Goldman Sachs Group Inc’s quarterly profit fell by more than half and revenue slumped to its lowest in more than four years as market volatility hit the Wall Street bank’s bond trading and investment banking businesses.
Goldman, wrapping up a dismal quarter for big U.S. banks, reported a 40 percent drop in net revenue, reflecting declines in all of its main businesses.
As with other banks, Goldman’s trading revenue was hit by sliding commodity and oil prices, worries about the Chinese economy and uncertainty about U.S. interest rates.
Highlighting the challenges facing the bank, Goldman’s return on average common equity – a measure of how well the bank uses shareholder money – was 6.4 percent in the quarter, down from 14.7 percent a year earlier.
Many investors think ROE should be at least 10 percent to cover the cost of capital.
Goldman, whose shares were down 1 percent in early trading on Tuesday, said its revenue from trading bonds, currencies and commodities (FICC) fell about 47 percent. Equities trading revenue, normally a strength, slid 23 percent.
FICC accounted for 26.2 percent of total revenue in the quarter – a far cry from the 40 percent the business regularly contributed before the financial crisis.
“The market was braced for a weak quarter, but we think the breadth of weakness on the top line will be a disappointment as people try to grapple with the timing of the recovery,” Evercore ISI analyst Glenn Schorr wrote in a client note.
Goldman’s traditional rival, Morgan Stanley, reported a 54 percent drop in adjusted revenue from fixed income and commodities trading and a similar drop in net profit. Its equities trading revenue fell 9.3 percent.
Goldman reported a 56.3 percent fall in net income applicable to common shareholders to $1.2 billion, or $2.68 per share, for the three months ended March 31. That compared with $2.75 billion, or $5.94 per share, a year earlier, when the bank recorded its best quarterly profit in five years.
Analysts on average had expected earnings of $2.45 per share, according to Thomson Reuters I/B/E/S.
Net revenue fell to $6.34 billion from $10.62 billion.
COMPENSATION COSTS DROP
Goldman’s investment banking revenue, which includes income from advising on deals and underwriting bond and share offerings, fell 23.2 percent to $1.46 billion in the quarter.
Goldman, like its rivals, has been cutting costs to make up for weak revenue.
Compensation costs fell 40.3 percent to $2.66 billion in the latest quarter. Operating costs fell 28.7 percent to $4.76 billion as employee compensation costs dropped about 40 percent.

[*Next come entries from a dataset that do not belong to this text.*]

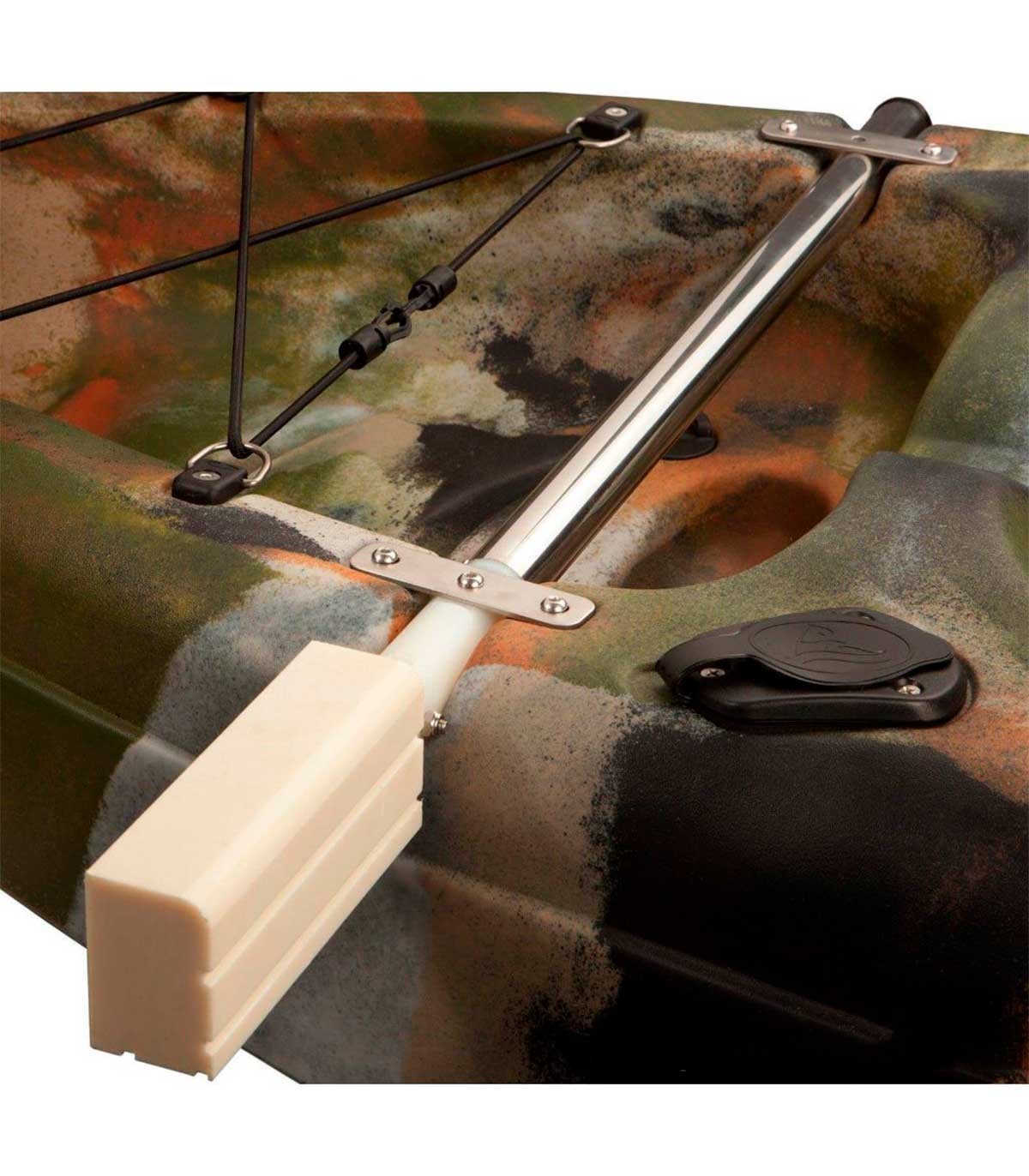 SOPORTE MOTOR PARA KAYAK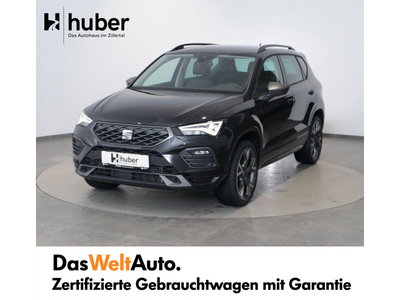 Seat Ateca FR 2.0 TDI DSG 4Drive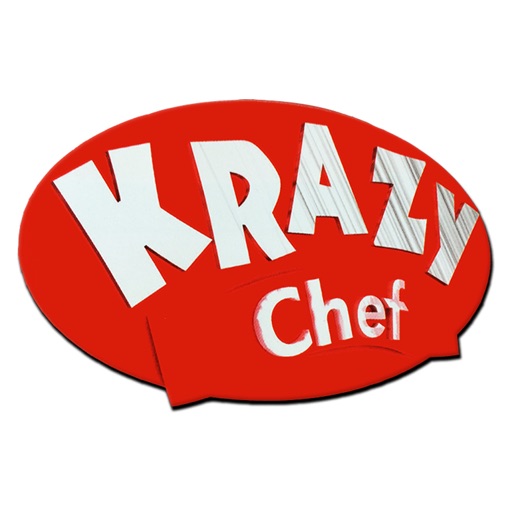 Krazy Chef Chelmsford icon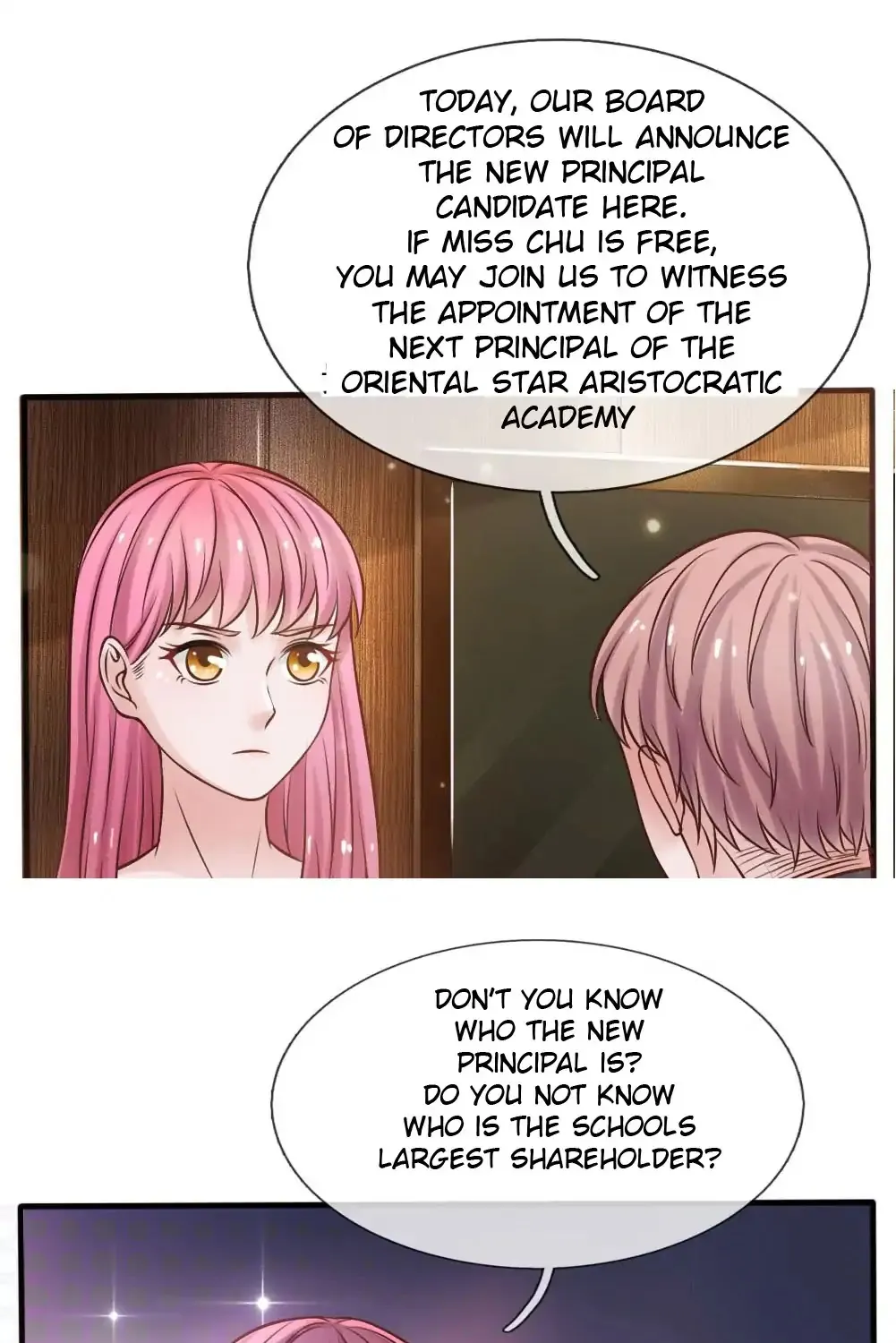 I’m The Great Immortal Chapter 26 page 5 - 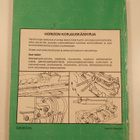 Korjauskäsikirja : Horizon 1978-1985 - pikkukuva 2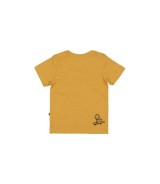 T-Shirt mit Brusttasche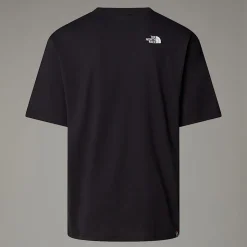 Store The North Face AXYS T-shirt TNF Black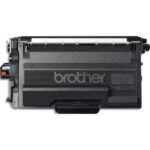 BROTHER Cartouche Laser TN-3600 Haute capacité (6000 pages) Noir TN3600XL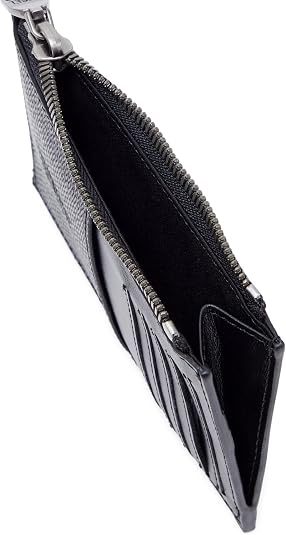 Amazon.co.jp: [Diesel] (ディーゼル) メンズ カウレザー カードケース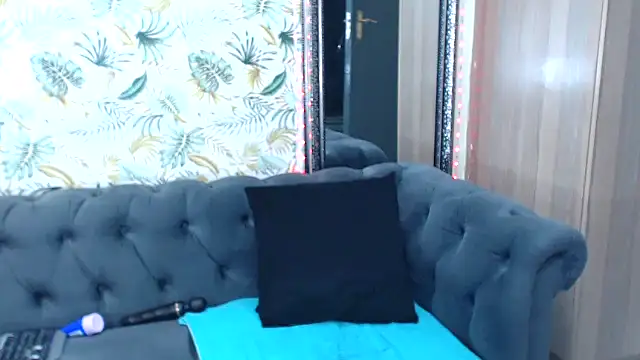 SEXYCARLITA09 online show from November 2, 10:35 pm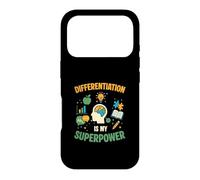 Custodia per iPhone 17 Pro La differenziazione è il mio superpotere per speducator SpEd Teacher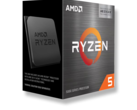 Ryzen 5 5500X3D został wymieniony na stronie internetowej AMD (źródło obrazu: AMD)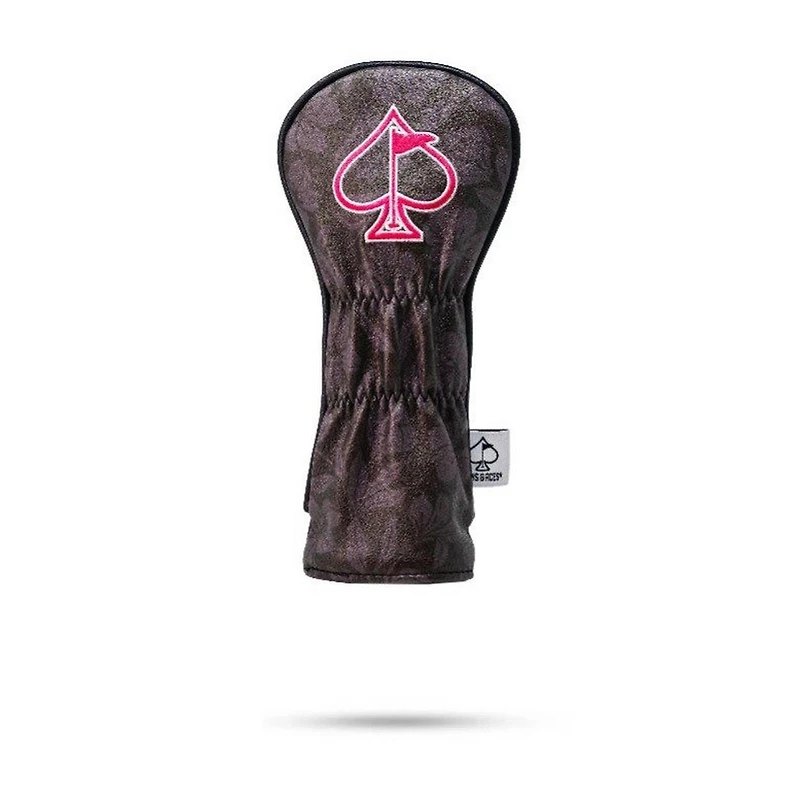 Hibiscus Bloom Hybrid Headcover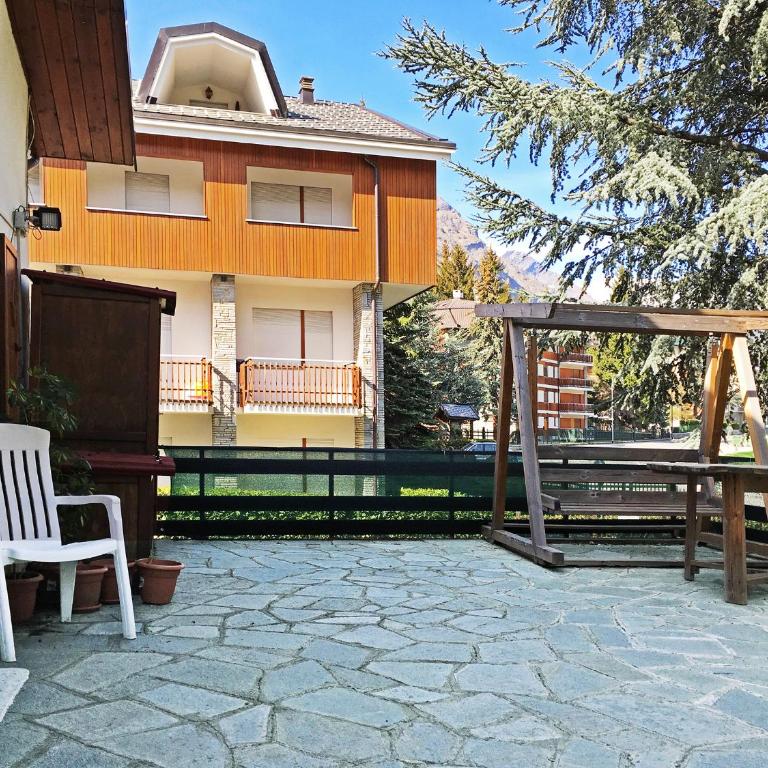 San Francesco Teleo Vacanze - Appartamento con 2 Camere da Letto - 22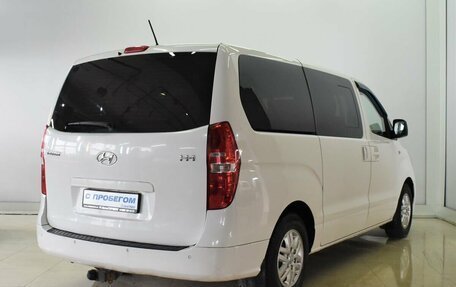 Hyundai H-1 II рестайлинг, 2018 год, 2 375 000 рублей, 4 фотография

Non-compensation costs fell 5.6 percent to $2.1 billion, the lowest in seven years, as a result of lower provisions for litigation and other regulatory matters.
Goldman Sachs, JPMorgan Chase & Co, Bank of America Corp and Morgan Stanley together have cut nearly $4 billion in compensation costs since the first quarter of 2015, according to Reuters calculations.
Up to Monday’s close of $159.02, Goldman’s shares had fallen about 12 percent since the start of the year.